All is forgotten if a Super Bowl team can’t win it all, and the only fans that go away with good memories are the ones that cheer for the victor.
Vikings sought revenge
There’s a little sidebar to the Vikings’ loss to Kansas City. The Vikings opened the 1970 season against the Chiefs after falling to them the year before in the Super Bowl.
For one of the only times in his coaching career, Grant showed the film of the loss in the Super Bowl to the team the night before that season opener.
Grant was upset because the late Hank Stram, coach of the Chiefs, had been wired to a microphone and kept ridiculing the Vikings on TV during the Super Bowl.
The result of the teams’ matchup was the Vikings beat the Chiefs 27-10 to open the 1970 season. They completely dominated that game to get some revenge.
Gophers miss Andre Hollins
The Gophers men’s basketball team has now lost to Nebraska and Northwestern, two teams that started slowly but are now playing well. Coach Richard Pitino said part of the reason for the two losses is the fact that Andre Hollins has been sidelined by an ankle injury.
“We need him back; 16 points. He’s one of the better guards in the league,” Pitino said following Saturday’s 55-54 loss to Northwestern at Williams Arena. “It’s silly for us to think that it’s going to be easy to replace a guy who scored 1,000 points and could be one of the all-time leading scorers in school history.
“We need him back. He’s extremely important to us. We’ll continue to rehab him, trainers do a great job with him. Hoping for Purdue, but I highly doubt it. We’ll see.
“We’re trying to keep him in shape, certainly doing a couple different things on the bike, got a good warm-up in today. You can’t understate how important he is to our team. We just need him back. It’s hard to score. We’ve got a good perimeter attack with him there, he has 16-17 points a game and we have to replace it somehow.”
Pitino said the Wildcats simply made more plays down the stretch.

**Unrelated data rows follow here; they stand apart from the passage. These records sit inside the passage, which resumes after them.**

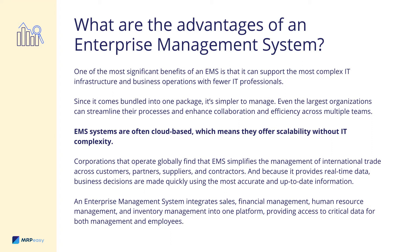Corporations that operate globally find that EMS simplifies the management of international trade across customers, partners, suppliers, and contractors. And because it provides real-time data, business decisions are made quickly using the most accurate and up-to-date information. An enterprise management system integrates sales, financial management, human resource management, and inventory management into one platform, providing access to critical data for both management and employees.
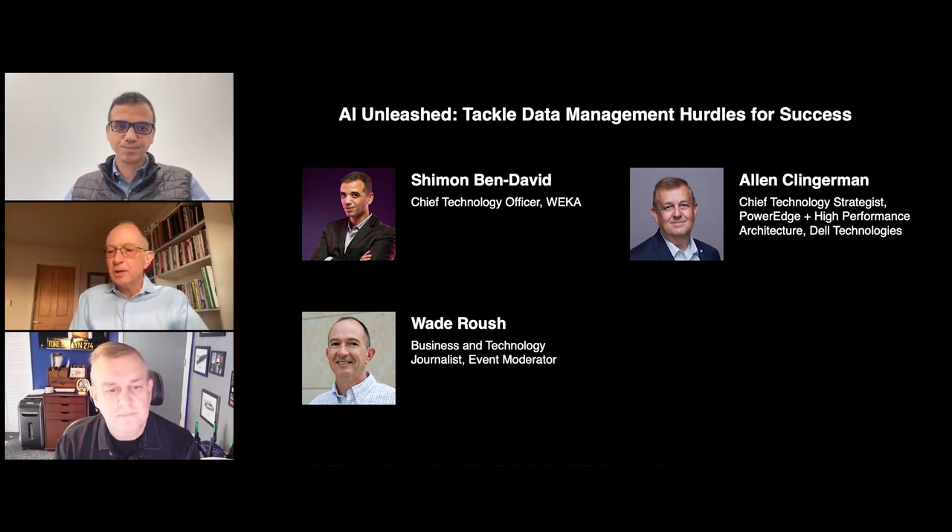Also joining us today is Alan Klingerman, Chief Technology Strategist for PowerEdge High-Performance Architecture at Dell Technologies. Alan has more than 30 years of award-winning experience in enterprise architecture, design and consulting, high-performance computing, analytics, AI, and IT professional sales. His work spans mainframe computers at IBM to large application landscapes, analytics, and AI on engineered systems at Dell, Oracle, and Citrix. His focus areas include generative and traditional AI, high-performance computing, analytics, data lakes, SAP, Oracle, SQL, hybrid cloud containers, and virtual desktop infrastructure. Shimon and Alan, it's really great to have you both here.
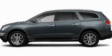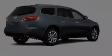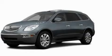This is a 2011 Buick Enclave, a luxurious package designed with the finest elements in mind. It has a 3.6-liter six-cylinder engine and an automatic transmission.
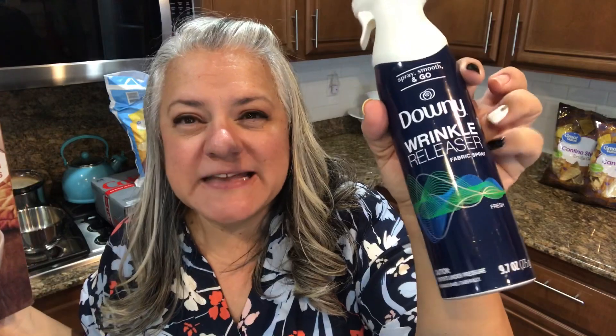I picked up some mashed potatoes and a wrinkle-release spray. I wanted to try it out since I'm buying some curtains. Have you ever used this? Let me know if it works! $230 later — I'd even say $220 — but that is a lot of stuff.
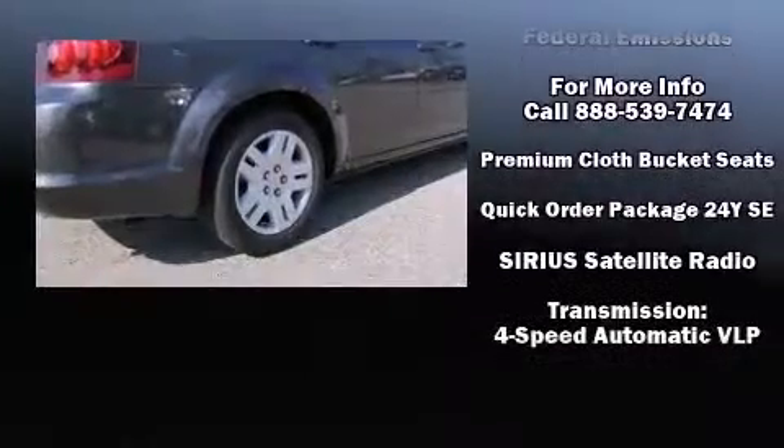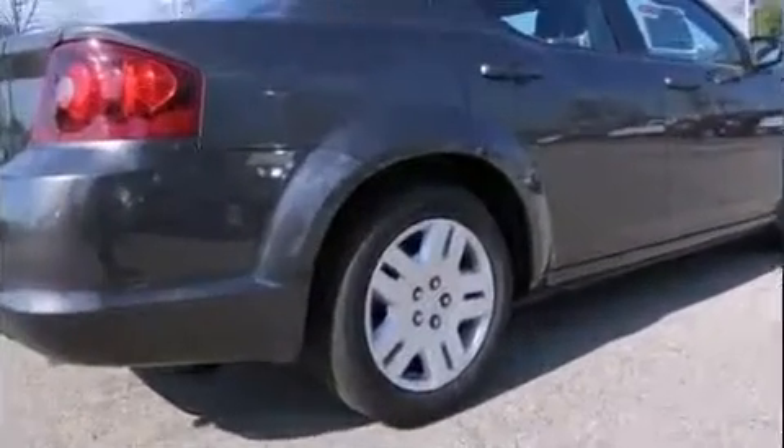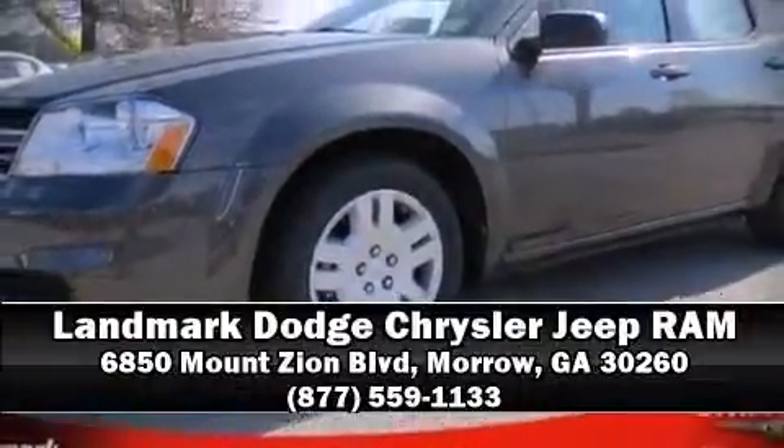This car was designed with safety in mind, allowing you to drive with even greater assurance. Please don't hesitate to give us a call. Thank you all.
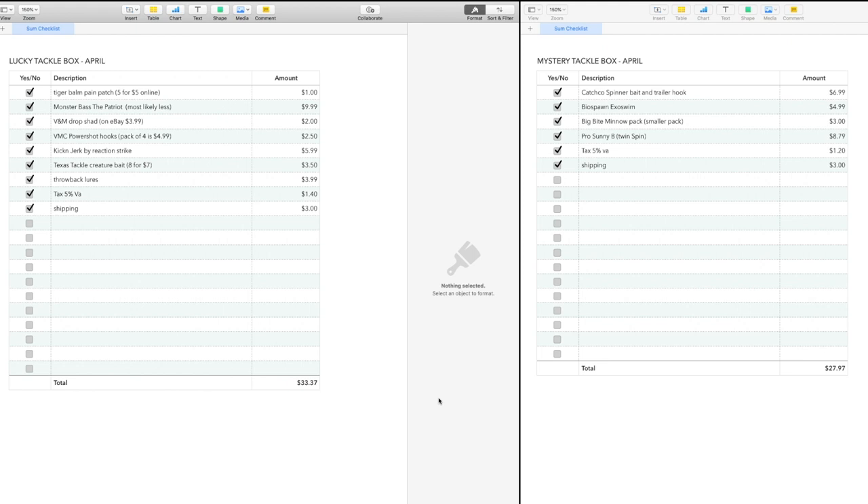Taking the Lucky Tackle Box prices and going all the way from top to bottom and adjusting, you're coming in somewhere around $33. So at $14.99 for the subscription price, that's a pretty good value.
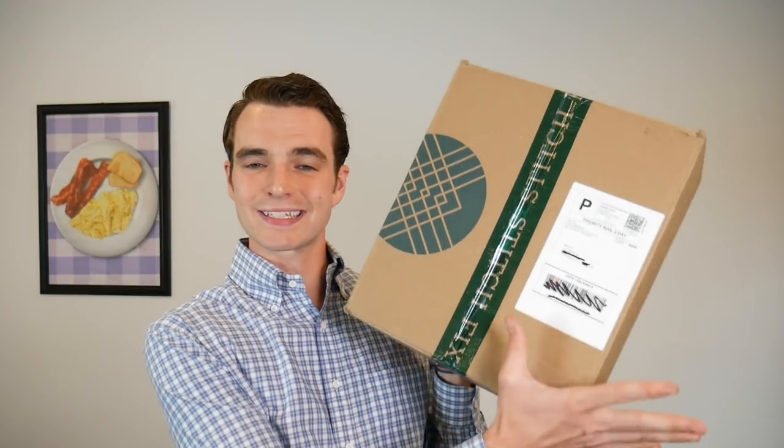Hey gents, today we're going to take a look at my latest Stitch Fix, but what I'm really going to highlight are the changes to Men's Stitch Fix — essentially the 2.0 of this. I was one of the first guys to check out Stitch Fix when they launched two years ago, and there have been a lot of guys that signed up based on my early videos. I get great feedback from guys using the service, so I love to continue to recommend them.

“Certainly a disappointing one, but you’ve got to give them credit, they made big plays when they needed to and we did not,” he said. “Plenty of basketball to be played. This is a tough one, so we have to find a way to regroup with these guys and get them back feeling good about themselves and confident on Wednesday.”
• The Don Shula NFL High School Coach of the Year award was given to Eden Prairie coach Mike Grant. That’s just an indication of how highly this young man is rated as a coach all over the country. He has appeared in more football clinics than maybe any other high school coach.
• Kickoffs weren’t a part of the Pro Bowl, so Vikings rookie Cordarrelle Patterson didn’t get a chance to show his great ability in that part of the game. Patterson did return three punts but picked up only 1 yard on the three.
• The Gophers are expected to announce the names of six preferred walk-ons Wednesday when the names of the 2014 scholarship players are announced: Apple Valley defensive back Davis Anderson; Butler County (Kan.) Community College fullbacks Miles Thomas and Riley Ohafah; Perham long snapper Payton Jordahl; Roseville quarterback Jacques Perra; kicker Emmit Carpenter of Ashwaubenon (Wis.); and Brainerd punter Logan McElfresh.
• Dave Joerger, coach of the Memphis Grizzlies is a former resident of Staples where he played basketball for coach Lynn Peterson and then played basketball at Moorhead State. Joerger had a happy homecoming when the Grizzlies beat the Timberwolves at Target Center on Friday.
• In 1983, Mike Lynn, general manager of the Vikings, made a deal with the Houston Oilers that brought tight end Dave Casper and quarterback Archie Manning here. Well, Casper is in the news this week, returning here from Milwaukee to work for Northwest Mutual. Archie Manning, of course, is the father of Peyton.
• Former Vikings running backs coach James Saxon has officially joined the Steelers staff. Don’t be surprised if eventually defensive backs coach Joe Woods and defensive assistant Mike Singletary join him there.